Now, the work done to move a charge at a $dx$ infinitesimal distance, hence, we will calculate the work done by integrating between the limits $r$ to $\infty $ as given below
$W = \int\limits_r^\infty {\left( {\dfrac{1}{{4\pi {\varepsilon _0}}}\dfrac{q}{{{r^2}}}} \right)} .dx$
Now, using the formula, $\int {\dfrac{1}{{{x^n}}} = \dfrac{{{x^{n + 1}}}}{{n + 1}}} $ , we get
$W = - \left( {\dfrac{1}{{4\pi {\varepsilon _0}}}\dfrac{Q}{r}} \right)_r^\infty $
$ \Rightarrow \,W = - \left( {\dfrac{Q}{{4\pi {\varepsilon _0}}}\left( {\dfrac{1}{\infty } - \dfrac{1}{r}} \right)} \right)$
$ \Rightarrow \,W = - \left( { - \dfrac{1}{{4\pi {\varepsilon _0}}}\dfrac{Q}{r}} \right)$
$ \Rightarrow \,W = \dfrac{1}{{4\pi {\varepsilon _0}}}\dfrac{Q}{r}$
Now, the electrostatic potential is taken as work done, hence, the electric potential is given by
$U = \dfrac{1}{{4\pi {\varepsilon _0}}}\dfrac{Q}{r}$
Therefore, we can say that the electrostatic potential is dependent on charge and distance of charge from the point where the electrostatic potential is to be calculated. As the charge and the distance are scalar quantities. Therefore, the electrostatic potential is the scalar quantity.
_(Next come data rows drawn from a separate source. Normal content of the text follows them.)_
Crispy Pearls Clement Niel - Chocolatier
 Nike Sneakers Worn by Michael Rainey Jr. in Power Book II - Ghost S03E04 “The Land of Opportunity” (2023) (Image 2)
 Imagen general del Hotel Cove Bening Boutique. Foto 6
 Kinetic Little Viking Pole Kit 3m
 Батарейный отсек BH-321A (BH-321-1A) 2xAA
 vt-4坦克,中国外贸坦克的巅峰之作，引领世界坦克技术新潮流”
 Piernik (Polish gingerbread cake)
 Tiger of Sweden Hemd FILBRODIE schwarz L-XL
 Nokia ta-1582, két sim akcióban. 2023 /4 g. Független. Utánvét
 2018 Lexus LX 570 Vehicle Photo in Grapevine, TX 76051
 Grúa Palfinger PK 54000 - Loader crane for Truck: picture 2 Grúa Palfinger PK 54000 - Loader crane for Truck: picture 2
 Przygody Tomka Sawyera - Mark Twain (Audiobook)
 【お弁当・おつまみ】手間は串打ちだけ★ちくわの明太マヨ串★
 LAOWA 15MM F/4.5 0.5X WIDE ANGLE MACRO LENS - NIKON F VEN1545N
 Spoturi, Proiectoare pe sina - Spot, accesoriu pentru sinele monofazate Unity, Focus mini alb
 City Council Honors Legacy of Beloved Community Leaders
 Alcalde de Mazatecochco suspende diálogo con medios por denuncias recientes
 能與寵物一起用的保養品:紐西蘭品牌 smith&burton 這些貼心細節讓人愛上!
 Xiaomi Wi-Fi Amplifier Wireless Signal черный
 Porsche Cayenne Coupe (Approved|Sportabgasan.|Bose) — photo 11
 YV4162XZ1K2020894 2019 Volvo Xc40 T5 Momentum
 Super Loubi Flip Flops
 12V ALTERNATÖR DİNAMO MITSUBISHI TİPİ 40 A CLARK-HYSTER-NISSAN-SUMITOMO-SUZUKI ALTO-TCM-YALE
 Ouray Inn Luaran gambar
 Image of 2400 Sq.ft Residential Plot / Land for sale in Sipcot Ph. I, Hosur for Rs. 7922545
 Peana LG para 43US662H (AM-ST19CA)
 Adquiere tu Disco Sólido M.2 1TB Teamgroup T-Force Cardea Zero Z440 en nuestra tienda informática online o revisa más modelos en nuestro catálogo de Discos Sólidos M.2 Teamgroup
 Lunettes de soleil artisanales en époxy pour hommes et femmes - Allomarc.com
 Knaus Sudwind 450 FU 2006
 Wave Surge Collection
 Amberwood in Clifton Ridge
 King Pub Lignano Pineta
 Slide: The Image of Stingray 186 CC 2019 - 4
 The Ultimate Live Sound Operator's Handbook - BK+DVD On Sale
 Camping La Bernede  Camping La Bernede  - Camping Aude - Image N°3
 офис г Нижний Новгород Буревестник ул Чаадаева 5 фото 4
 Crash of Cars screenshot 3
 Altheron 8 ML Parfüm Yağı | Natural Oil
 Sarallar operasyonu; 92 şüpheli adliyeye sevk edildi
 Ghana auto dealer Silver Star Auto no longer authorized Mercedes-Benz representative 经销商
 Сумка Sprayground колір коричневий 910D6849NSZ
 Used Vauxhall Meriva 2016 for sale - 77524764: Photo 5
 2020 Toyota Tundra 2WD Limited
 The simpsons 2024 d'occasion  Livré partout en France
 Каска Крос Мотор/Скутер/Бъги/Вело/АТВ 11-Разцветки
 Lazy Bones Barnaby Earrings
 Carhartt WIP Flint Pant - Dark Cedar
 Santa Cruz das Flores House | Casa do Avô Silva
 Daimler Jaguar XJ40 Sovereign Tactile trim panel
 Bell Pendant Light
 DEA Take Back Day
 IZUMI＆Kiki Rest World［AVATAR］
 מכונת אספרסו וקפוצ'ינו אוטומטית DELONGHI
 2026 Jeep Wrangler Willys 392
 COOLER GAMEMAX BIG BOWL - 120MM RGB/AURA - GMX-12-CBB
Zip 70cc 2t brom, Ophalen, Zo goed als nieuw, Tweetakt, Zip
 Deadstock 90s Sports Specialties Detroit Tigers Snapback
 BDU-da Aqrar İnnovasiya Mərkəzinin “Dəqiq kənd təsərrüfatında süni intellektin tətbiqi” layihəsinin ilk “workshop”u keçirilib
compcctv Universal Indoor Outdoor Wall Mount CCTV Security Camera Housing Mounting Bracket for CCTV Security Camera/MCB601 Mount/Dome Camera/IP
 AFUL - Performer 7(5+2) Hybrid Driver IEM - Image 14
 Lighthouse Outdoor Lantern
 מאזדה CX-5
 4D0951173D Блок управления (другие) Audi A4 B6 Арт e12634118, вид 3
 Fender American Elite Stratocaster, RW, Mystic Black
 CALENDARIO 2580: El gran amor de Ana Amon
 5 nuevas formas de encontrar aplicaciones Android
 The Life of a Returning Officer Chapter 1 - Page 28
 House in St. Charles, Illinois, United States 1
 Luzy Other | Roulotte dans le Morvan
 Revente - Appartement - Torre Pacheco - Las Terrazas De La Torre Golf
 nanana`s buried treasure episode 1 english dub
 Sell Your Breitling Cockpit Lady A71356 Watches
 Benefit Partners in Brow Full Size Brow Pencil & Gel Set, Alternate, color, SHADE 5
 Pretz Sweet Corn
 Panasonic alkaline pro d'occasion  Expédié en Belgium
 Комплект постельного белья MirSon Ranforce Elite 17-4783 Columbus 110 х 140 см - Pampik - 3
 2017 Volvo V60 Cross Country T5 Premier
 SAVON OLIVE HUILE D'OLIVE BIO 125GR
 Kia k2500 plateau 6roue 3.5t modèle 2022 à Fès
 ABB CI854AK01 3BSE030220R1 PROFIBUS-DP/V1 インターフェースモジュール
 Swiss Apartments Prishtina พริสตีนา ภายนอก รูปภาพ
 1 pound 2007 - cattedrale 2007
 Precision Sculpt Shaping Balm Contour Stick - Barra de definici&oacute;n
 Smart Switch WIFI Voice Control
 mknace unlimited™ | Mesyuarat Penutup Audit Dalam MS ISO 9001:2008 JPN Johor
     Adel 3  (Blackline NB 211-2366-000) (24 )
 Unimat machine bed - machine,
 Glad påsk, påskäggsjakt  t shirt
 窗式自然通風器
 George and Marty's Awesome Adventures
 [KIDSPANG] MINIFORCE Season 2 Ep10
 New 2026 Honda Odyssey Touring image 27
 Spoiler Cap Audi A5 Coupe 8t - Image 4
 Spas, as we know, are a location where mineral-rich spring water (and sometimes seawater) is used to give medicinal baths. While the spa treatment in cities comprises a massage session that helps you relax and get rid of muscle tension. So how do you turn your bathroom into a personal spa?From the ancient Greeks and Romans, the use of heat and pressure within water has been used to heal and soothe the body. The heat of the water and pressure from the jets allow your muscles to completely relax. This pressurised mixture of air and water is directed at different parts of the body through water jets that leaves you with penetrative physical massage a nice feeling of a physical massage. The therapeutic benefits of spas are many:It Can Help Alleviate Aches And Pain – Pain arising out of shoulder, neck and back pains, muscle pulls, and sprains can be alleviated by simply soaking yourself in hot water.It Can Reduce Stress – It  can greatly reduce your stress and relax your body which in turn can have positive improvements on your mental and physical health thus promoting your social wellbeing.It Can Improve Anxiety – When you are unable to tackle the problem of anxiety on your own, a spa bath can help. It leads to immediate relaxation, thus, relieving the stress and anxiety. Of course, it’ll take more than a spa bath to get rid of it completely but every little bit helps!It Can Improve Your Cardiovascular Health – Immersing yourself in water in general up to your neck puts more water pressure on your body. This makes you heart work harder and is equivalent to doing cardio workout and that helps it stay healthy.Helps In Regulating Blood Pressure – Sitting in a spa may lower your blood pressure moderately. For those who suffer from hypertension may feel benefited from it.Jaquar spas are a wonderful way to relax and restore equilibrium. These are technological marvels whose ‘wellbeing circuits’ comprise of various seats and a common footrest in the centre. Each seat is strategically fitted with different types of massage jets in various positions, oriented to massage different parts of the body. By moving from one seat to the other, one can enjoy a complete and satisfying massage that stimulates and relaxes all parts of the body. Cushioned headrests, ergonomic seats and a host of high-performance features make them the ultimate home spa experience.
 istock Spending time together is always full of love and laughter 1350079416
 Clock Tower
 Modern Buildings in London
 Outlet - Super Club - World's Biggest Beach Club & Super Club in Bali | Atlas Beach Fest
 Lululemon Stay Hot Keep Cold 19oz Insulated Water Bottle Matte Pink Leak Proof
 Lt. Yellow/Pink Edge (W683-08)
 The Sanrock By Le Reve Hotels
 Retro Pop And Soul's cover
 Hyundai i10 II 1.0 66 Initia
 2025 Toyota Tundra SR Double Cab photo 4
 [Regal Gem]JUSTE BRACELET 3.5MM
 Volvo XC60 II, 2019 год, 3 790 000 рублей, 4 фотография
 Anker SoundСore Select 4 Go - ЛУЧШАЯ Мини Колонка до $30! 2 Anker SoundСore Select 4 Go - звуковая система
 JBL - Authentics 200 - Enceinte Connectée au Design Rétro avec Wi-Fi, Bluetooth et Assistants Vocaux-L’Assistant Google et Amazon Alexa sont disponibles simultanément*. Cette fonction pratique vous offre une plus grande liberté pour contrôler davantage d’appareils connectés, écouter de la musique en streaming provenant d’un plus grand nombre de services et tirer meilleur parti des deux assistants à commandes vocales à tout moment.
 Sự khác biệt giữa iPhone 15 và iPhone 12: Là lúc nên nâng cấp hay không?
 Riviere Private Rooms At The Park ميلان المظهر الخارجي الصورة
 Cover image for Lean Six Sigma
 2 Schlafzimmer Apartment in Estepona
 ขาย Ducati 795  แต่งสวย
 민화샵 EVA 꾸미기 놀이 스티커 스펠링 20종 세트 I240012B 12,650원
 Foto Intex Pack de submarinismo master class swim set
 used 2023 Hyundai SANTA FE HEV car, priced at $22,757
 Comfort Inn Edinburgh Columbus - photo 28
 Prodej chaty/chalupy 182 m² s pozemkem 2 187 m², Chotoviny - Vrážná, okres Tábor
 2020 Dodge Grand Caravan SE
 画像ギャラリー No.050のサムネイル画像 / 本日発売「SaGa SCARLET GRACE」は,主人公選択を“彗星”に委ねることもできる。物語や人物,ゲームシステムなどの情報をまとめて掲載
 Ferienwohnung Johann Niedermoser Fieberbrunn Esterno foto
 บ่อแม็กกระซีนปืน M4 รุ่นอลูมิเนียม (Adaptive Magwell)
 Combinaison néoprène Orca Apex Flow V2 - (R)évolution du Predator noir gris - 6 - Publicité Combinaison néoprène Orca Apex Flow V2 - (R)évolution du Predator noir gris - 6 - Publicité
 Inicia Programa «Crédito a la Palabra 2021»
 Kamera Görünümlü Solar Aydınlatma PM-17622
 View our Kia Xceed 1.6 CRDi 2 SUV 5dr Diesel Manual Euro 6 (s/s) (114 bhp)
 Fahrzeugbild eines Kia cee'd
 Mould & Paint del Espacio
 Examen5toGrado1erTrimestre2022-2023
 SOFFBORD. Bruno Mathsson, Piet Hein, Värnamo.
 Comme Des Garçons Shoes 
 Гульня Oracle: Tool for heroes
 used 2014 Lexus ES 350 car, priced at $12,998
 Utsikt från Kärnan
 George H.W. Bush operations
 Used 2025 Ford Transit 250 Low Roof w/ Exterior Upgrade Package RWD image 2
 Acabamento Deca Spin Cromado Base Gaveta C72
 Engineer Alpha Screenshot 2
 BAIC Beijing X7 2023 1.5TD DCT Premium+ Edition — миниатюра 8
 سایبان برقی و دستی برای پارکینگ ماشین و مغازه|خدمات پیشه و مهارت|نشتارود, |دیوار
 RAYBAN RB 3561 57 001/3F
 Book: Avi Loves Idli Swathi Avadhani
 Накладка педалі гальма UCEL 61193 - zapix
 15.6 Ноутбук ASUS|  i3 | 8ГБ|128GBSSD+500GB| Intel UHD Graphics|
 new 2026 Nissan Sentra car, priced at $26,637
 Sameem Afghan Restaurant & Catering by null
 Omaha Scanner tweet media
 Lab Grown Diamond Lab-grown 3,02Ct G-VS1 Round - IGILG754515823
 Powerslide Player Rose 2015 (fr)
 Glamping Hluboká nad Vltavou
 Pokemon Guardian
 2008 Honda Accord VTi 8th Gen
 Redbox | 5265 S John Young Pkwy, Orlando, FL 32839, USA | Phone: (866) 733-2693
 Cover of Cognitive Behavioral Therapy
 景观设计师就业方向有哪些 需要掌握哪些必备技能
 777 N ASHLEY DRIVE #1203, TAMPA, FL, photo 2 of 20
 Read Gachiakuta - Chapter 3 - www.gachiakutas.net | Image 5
So, the correct answer is “Option A”.

Note:
We know that both the point charge and unit charge are positive. So, we have to work against the force to move the charge. Therefore, the electric potential will be positive.
Now, if the point charge is negative. Therefore, the work down will be along with the force. Hence, the electrostatic potential will be negative.